▸ GIVEN DATA

★ ★ ★

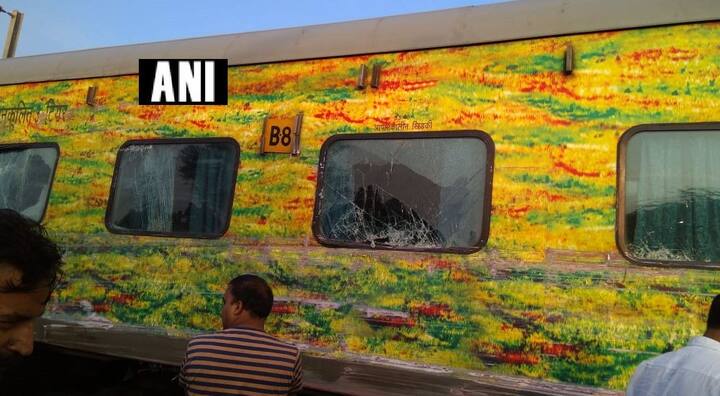 ઘટનામાં ટ્રક ડ્રાઇવરનું મોત થયું છે. અન્ય જાનહાનીના સમાચાર નથી.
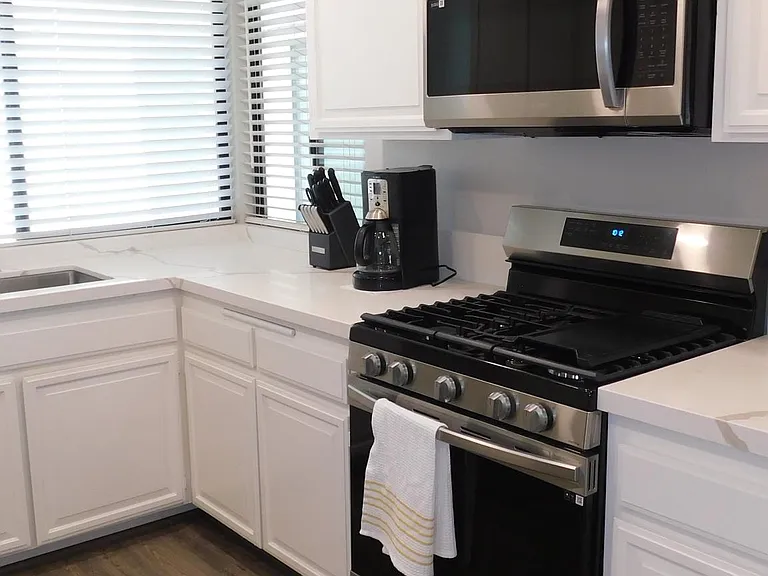 72830 Fleetwood Cir — Photo 12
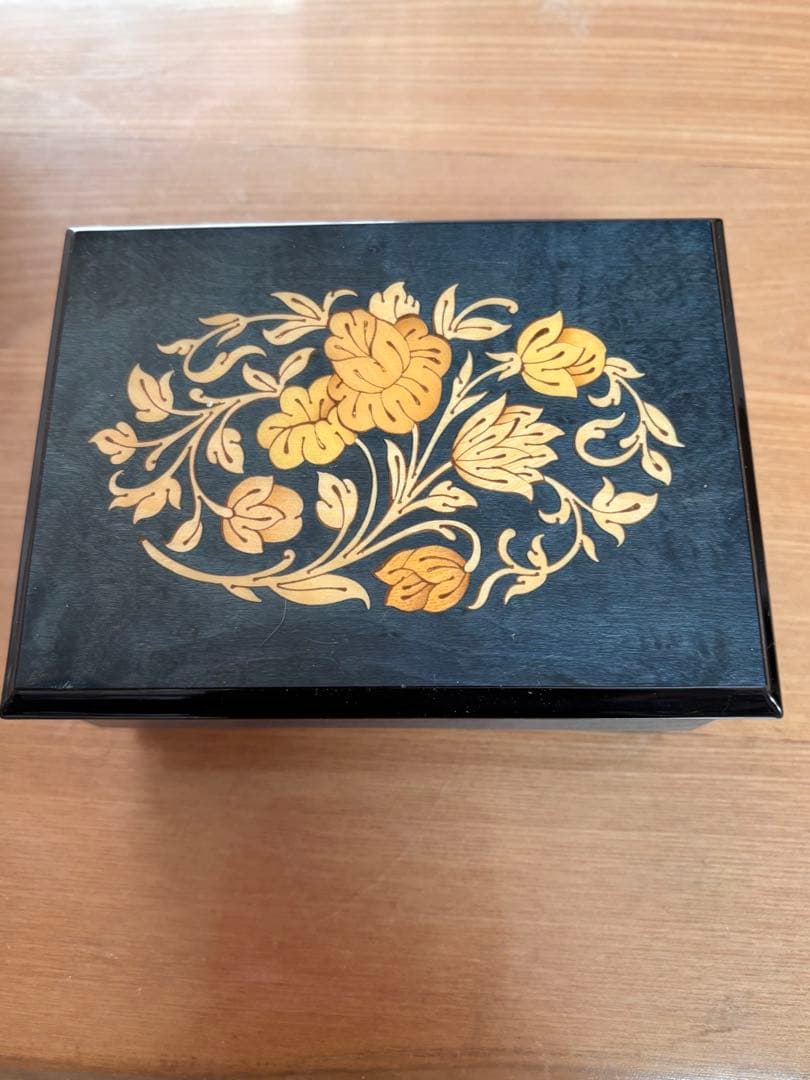 SALE❣️未使用コレクション ❣️イタリア製オルゴール 象嵌細工 動作品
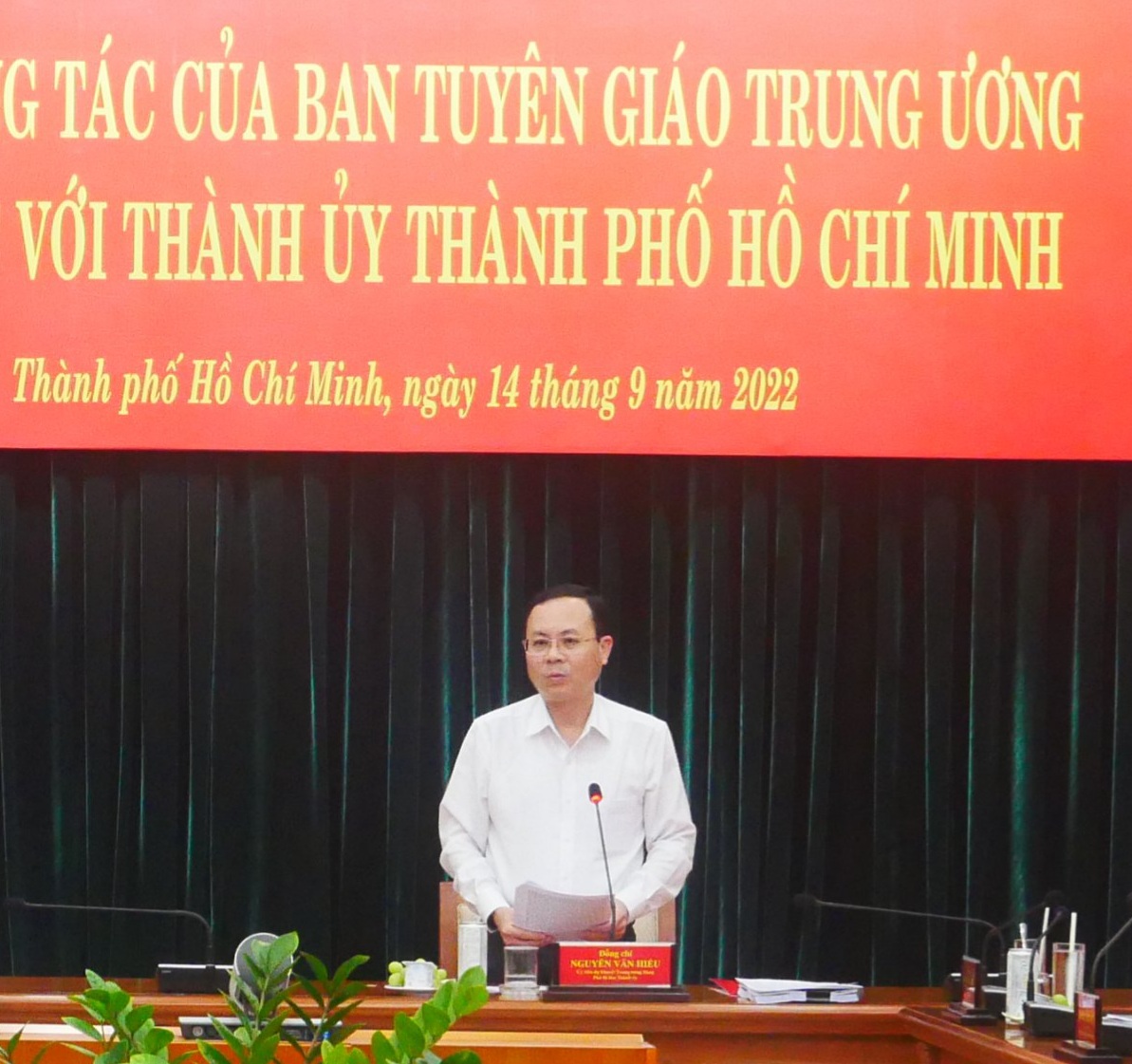 Phó Bí thư Thành ủy TPHCM Nguyễn Văn Hiếu tại cuộc làm việc chiều 14/9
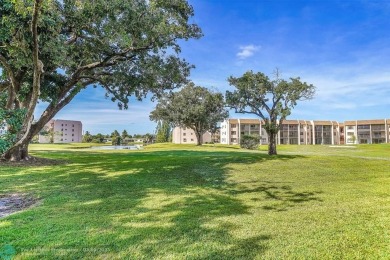 Totally remodeled 2/2 condo from top to bottom in Sunrise Lakes on Sunrise Lakes Phase IV Golf Course in Florida - for sale on GolfHomes.com, golf home, golf lot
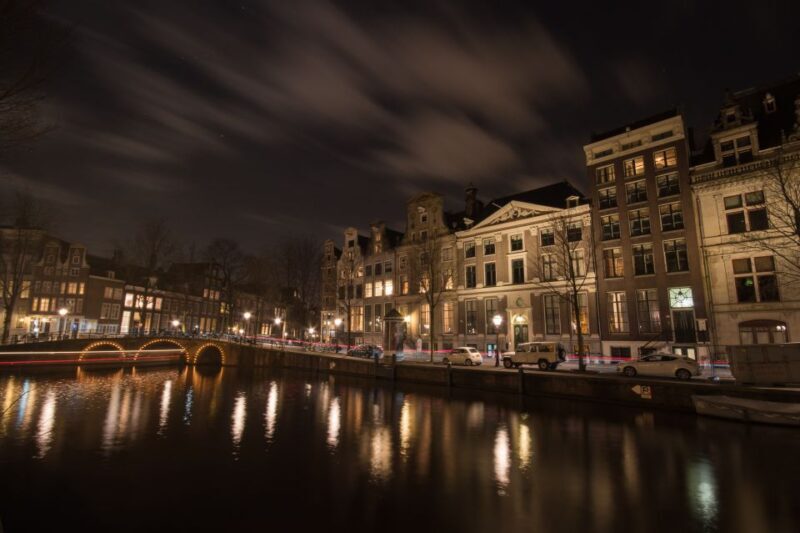 Amsterdam: Private Walking Tour with a Local - A Closer Look at the Experience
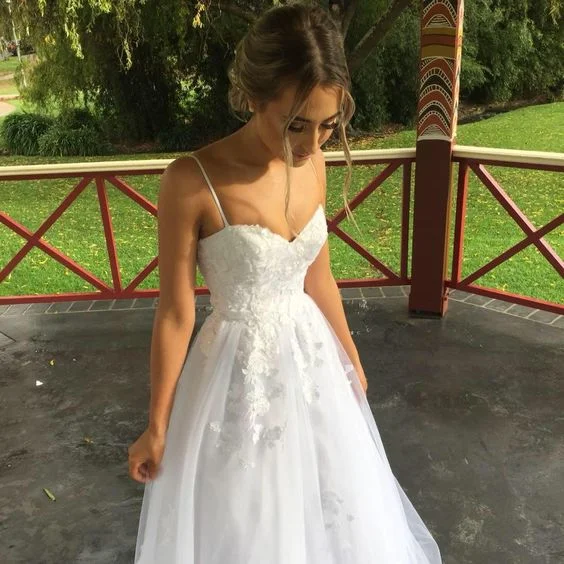 Women's Trendy Casual Outfit White Prom Dresses Lace Evening Gowns With Appliques       S3533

★ ★ ★

▸ WHAT THE EXERCISE ASKS
Output the data above without changes, apart from leaving out the pictures.

▸ EXERCISE OUTPUT
 ઘટનામાં ટ્રક ડ્રાઇવરનું મોત થયું છે. અન્ય જાનહાનીના સમાચાર નથી.
 72830 Fleetwood Cir — Photo 12
 SALE❣️未使用コレクション ❣️イタリア製オルゴール 象嵌細工 動作品
 Phó Bí thư Thành ủy TPHCM Nguyễn Văn Hiếu tại cuộc làm việc chiều 14/9
 Totally remodeled 2/2 condo from top to bottom in Sunrise Lakes on Sunrise Lakes Phase IV Golf Course in Florida - for sale on GolfHomes.com, golf home, golf lot
 Amsterdam: Private Walking Tour with a Local - A Closer Look at the Experience
 Women's Trendy Casual Outfit White Prom Dresses Lace Evening Gowns With Appliques       S3533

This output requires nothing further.